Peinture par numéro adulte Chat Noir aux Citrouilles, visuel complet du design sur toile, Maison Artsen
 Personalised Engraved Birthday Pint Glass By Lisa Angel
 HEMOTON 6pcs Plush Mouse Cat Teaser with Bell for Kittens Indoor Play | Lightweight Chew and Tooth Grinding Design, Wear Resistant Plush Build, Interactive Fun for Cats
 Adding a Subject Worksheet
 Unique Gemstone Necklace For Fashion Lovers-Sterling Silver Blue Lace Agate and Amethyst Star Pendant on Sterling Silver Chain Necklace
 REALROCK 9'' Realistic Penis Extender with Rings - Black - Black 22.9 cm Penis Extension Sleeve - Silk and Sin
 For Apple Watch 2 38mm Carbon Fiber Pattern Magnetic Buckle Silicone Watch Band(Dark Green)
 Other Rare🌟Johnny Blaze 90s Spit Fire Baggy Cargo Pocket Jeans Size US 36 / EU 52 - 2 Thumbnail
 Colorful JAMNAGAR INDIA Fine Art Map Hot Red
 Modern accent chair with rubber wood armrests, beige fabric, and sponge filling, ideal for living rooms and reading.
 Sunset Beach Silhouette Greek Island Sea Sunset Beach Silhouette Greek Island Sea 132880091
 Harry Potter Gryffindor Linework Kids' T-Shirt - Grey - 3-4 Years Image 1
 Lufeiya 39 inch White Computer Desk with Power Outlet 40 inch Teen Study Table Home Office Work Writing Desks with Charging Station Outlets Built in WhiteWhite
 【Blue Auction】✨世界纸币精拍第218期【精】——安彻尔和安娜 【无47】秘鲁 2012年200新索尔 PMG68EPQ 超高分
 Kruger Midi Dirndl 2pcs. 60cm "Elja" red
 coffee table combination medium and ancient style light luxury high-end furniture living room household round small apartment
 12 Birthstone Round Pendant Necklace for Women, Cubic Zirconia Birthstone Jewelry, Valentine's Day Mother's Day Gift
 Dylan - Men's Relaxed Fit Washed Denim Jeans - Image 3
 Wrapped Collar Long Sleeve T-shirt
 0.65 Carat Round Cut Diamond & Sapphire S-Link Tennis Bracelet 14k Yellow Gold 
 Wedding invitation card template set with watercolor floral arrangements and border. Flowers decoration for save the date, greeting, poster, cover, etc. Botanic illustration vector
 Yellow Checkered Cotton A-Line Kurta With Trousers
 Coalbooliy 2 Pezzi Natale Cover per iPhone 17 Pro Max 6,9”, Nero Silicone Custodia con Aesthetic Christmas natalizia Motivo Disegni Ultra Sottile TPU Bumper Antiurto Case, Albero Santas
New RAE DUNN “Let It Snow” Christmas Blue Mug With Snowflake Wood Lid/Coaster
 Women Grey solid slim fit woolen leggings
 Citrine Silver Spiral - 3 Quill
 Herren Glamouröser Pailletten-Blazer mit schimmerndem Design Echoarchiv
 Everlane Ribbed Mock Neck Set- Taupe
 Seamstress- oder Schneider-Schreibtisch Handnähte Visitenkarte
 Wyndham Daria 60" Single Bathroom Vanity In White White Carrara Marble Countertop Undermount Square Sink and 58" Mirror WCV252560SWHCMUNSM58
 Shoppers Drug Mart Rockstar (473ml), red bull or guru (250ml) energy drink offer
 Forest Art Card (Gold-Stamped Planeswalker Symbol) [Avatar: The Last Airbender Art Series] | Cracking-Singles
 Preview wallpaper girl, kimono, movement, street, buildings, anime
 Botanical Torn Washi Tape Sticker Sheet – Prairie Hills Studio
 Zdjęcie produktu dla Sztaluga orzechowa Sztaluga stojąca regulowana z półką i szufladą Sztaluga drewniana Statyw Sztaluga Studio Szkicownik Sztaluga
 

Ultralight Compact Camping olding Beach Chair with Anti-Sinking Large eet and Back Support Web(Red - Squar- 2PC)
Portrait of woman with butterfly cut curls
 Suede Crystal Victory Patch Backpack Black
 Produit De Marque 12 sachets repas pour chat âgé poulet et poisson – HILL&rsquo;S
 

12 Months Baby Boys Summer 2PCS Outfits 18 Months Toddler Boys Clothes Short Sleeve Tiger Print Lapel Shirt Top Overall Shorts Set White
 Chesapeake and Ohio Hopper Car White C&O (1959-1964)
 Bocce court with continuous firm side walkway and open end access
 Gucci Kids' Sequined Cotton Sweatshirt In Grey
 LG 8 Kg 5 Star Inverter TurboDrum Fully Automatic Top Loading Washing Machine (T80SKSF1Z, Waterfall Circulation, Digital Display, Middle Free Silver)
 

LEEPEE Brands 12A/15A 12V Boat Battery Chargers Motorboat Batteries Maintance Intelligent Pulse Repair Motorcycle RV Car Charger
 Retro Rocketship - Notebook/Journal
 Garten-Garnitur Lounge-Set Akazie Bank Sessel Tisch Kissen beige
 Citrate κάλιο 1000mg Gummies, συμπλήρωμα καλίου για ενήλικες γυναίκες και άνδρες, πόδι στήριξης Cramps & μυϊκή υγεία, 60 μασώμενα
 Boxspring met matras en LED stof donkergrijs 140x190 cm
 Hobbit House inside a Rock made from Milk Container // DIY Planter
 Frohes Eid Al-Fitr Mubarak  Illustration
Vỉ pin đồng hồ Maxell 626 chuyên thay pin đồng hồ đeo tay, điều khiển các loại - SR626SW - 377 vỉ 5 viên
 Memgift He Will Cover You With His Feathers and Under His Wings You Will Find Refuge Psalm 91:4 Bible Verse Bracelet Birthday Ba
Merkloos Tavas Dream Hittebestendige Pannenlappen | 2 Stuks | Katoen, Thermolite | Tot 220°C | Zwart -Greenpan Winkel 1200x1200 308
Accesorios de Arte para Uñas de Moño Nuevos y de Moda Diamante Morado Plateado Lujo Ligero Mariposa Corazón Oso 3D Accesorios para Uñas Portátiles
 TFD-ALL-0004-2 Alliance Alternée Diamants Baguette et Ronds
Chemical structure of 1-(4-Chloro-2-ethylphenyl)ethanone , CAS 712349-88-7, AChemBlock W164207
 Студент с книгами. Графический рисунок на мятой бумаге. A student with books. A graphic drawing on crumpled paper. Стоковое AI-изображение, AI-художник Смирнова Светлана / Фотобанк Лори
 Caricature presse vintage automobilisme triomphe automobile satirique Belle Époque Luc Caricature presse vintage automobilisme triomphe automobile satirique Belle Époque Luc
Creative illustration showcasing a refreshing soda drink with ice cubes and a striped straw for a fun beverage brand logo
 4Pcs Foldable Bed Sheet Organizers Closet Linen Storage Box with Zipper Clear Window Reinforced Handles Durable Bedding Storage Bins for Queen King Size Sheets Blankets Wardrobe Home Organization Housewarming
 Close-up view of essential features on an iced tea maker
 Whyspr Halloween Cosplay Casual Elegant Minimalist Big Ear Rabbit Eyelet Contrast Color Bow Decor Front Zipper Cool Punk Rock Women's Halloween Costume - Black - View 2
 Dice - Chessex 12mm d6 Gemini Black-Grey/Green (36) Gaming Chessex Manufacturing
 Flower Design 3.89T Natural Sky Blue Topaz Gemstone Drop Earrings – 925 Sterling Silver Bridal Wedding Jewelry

══════════

__Activity__
Nothing in the records should differ from the original when you retype them.

__Response__
Peinture par numéro adulte Chat Noir aux Citrouilles, visuel complet du design sur toile, Maison Artsen
 Personalised Engraved Birthday Pint Glass By Lisa Angel
 HEMOTON 6pcs Plush Mouse Cat Teaser with Bell for Kittens Indoor Play | Lightweight Chew and Tooth Grinding Design, Wear Resistant Plush Build, Interactive Fun for Cats
 Adding a Subject Worksheet
 Unique Gemstone Necklace For Fashion Lovers-Sterling Silver Blue Lace Agate and Amethyst Star Pendant on Sterling Silver Chain Necklace
 REALROCK 9'' Realistic Penis Extender with Rings - Black - Black 22.9 cm Penis Extension Sleeve - Silk and Sin
 For Apple Watch 2 38mm Carbon Fiber Pattern Magnetic Buckle Silicone Watch Band(Dark Green)
 Other Rare🌟Johnny Blaze 90s Spit Fire Baggy Cargo Pocket Jeans Size US 36 / EU 52 - 2 Thumbnail
 Colorful JAMNAGAR INDIA Fine Art Map Hot Red
 Modern accent chair with rubber wood armrests, beige fabric, and sponge filling, ideal for living rooms and reading.
 Sunset Beach Silhouette Greek Island Sea Sunset Beach Silhouette Greek Island Sea 132880091
 Harry Potter Gryffindor Linework Kids' T-Shirt - Grey - 3-4 Years Image 1
 Lufeiya 39 inch White Computer Desk with Power Outlet 40 inch Teen Study Table Home Office Work Writing Desks with Charging Station Outlets Built in WhiteWhite
 【Blue Auction】✨世界纸币精拍第218期【精】——安彻尔和安娜 【无47】秘鲁 2012年200新索尔 PMG68EPQ 超高分
 Kruger Midi Dirndl 2pcs. 60cm "Elja" red
 coffee table combination medium and ancient style light luxury high-end furniture living room household round small apartment
 12 Birthstone Round Pendant Necklace for Women, Cubic Zirconia Birthstone Jewelry, Valentine's Day Mother's Day Gift
 Dylan - Men's Relaxed Fit Washed Denim Jeans - Image 3
 Wrapped Collar Long Sleeve T-shirt
 0.65 Carat Round Cut Diamond & Sapphire S-Link Tennis Bracelet 14k Yellow Gold 
 Wedding invitation card template set with watercolor floral arrangements and border. Flowers decoration for save the date, greeting, poster, cover, etc. Botanic illustration vector
 Yellow Checkered Cotton A-Line Kurta With Trousers
 Coalbooliy 2 Pezzi Natale Cover per iPhone 17 Pro Max 6,9”, Nero Silicone Custodia con Aesthetic Christmas natalizia Motivo Disegni Ultra Sottile TPU Bumper Antiurto Case, Albero Santas
New RAE DUNN “Let It Snow” Christmas Blue Mug With Snowflake Wood Lid/Coaster
 Women Grey solid slim fit woolen leggings
 Citrine Silver Spiral - 3 Quill
 Herren Glamouröser Pailletten-Blazer mit schimmerndem Design Echoarchiv
 Everlane Ribbed Mock Neck Set- Taupe
 Seamstress- oder Schneider-Schreibtisch Handnähte Visitenkarte
 Wyndham Daria 60" Single Bathroom Vanity In White White Carrara Marble Countertop Undermount Square Sink and 58" Mirror WCV252560SWHCMUNSM58
 Shoppers Drug Mart Rockstar (473ml), red bull or guru (250ml) energy drink offer
 Forest Art Card (Gold-Stamped Planeswalker Symbol) [Avatar: The Last Airbender Art Series] | Cracking-Singles
 Preview wallpaper girl, kimono, movement, street, buildings, anime
 Botanical Torn Washi Tape Sticker Sheet – Prairie Hills Studio
 Zdjęcie produktu dla Sztaluga orzechowa Sztaluga stojąca regulowana z półką i szufladą Sztaluga drewniana Statyw Sztaluga Studio Szkicownik Sztaluga
 

Ultralight Compact Camping olding Beach Chair with Anti-Sinking Large eet and Back Support Web(Red - Squar- 2PC)
Portrait of woman with butterfly cut curls
 Suede Crystal Victory Patch Backpack Black
 Produit De Marque 12 sachets repas pour chat âgé poulet et poisson – HILL&rsquo;S
 

12 Months Baby Boys Summer 2PCS Outfits 18 Months Toddler Boys Clothes Short Sleeve Tiger Print Lapel Shirt Top Overall Shorts Set White
 Chesapeake and Ohio Hopper Car White C&O (1959-1964)
 Bocce court with continuous firm side walkway and open end access
 Gucci Kids' Sequined Cotton Sweatshirt In Grey
 LG 8 Kg 5 Star Inverter TurboDrum Fully Automatic Top Loading Washing Machine (T80SKSF1Z, Waterfall Circulation, Digital Display, Middle Free Silver)
 

LEEPEE Brands 12A/15A 12V Boat Battery Chargers Motorboat Batteries Maintance Intelligent Pulse Repair Motorcycle RV Car Charger
 Retro Rocketship - Notebook/Journal
 Garten-Garnitur Lounge-Set Akazie Bank Sessel Tisch Kissen beige
 Citrate κάλιο 1000mg Gummies, συμπλήρωμα καλίου για ενήλικες γυναίκες και άνδρες, πόδι στήριξης Cramps & μυϊκή υγεία, 60 μασώμενα
 Boxspring met matras en LED stof donkergrijs 140x190 cm
 Hobbit House inside a Rock made from Milk Container // DIY Planter
 Frohes Eid Al-Fitr Mubarak  Illustration
Vỉ pin đồng hồ Maxell 626 chuyên thay pin đồng hồ đeo tay, điều khiển các loại - SR626SW - 377 vỉ 5 viên
 Memgift He Will Cover You With His Feathers and Under His Wings You Will Find Refuge Psalm 91:4 Bible Verse Bracelet Birthday Ba
Merkloos Tavas Dream Hittebestendige Pannenlappen | 2 Stuks | Katoen, Thermolite | Tot 220°C | Zwart -Greenpan Winkel 1200x1200 308
Accesorios de Arte para Uñas de Moño Nuevos y de Moda Diamante Morado Plateado Lujo Ligero Mariposa Corazón Oso 3D Accesorios para Uñas Portátiles
 TFD-ALL-0004-2 Alliance Alternée Diamants Baguette et Ronds
Chemical structure of 1-(4-Chloro-2-ethylphenyl)ethanone , CAS 712349-88-7, AChemBlock W164207
 Студент с книгами. Графический рисунок на мятой бумаге. A student with books. A graphic drawing on crumpled paper. Стоковое AI-изображение, AI-художник Смирнова Светлана / Фотобанк Лори
 Caricature presse vintage automobilisme triomphe automobile satirique Belle Époque Luc Caricature presse vintage automobilisme triomphe automobile satirique Belle Époque Luc
Creative illustration showcasing a refreshing soda drink with ice cubes and a striped straw for a fun beverage brand logo
 4Pcs Foldable Bed Sheet Organizers Closet Linen Storage Box with Zipper Clear Window Reinforced Handles Durable Bedding Storage Bins for Queen King Size Sheets Blankets Wardrobe Home Organization Housewarming
 Close-up view of essential features on an iced tea maker
 Whyspr Halloween Cosplay Casual Elegant Minimalist Big Ear Rabbit Eyelet Contrast Color Bow Decor Front Zipper Cool Punk Rock Women's Halloween Costume - Black - View 2
 Dice - Chessex 12mm d6 Gemini Black-Grey/Green (36) Gaming Chessex Manufacturing
 Flower Design 3.89T Natural Sky Blue Topaz Gemstone Drop Earrings – 925 Sterling Silver Bridal Wedding Jewelry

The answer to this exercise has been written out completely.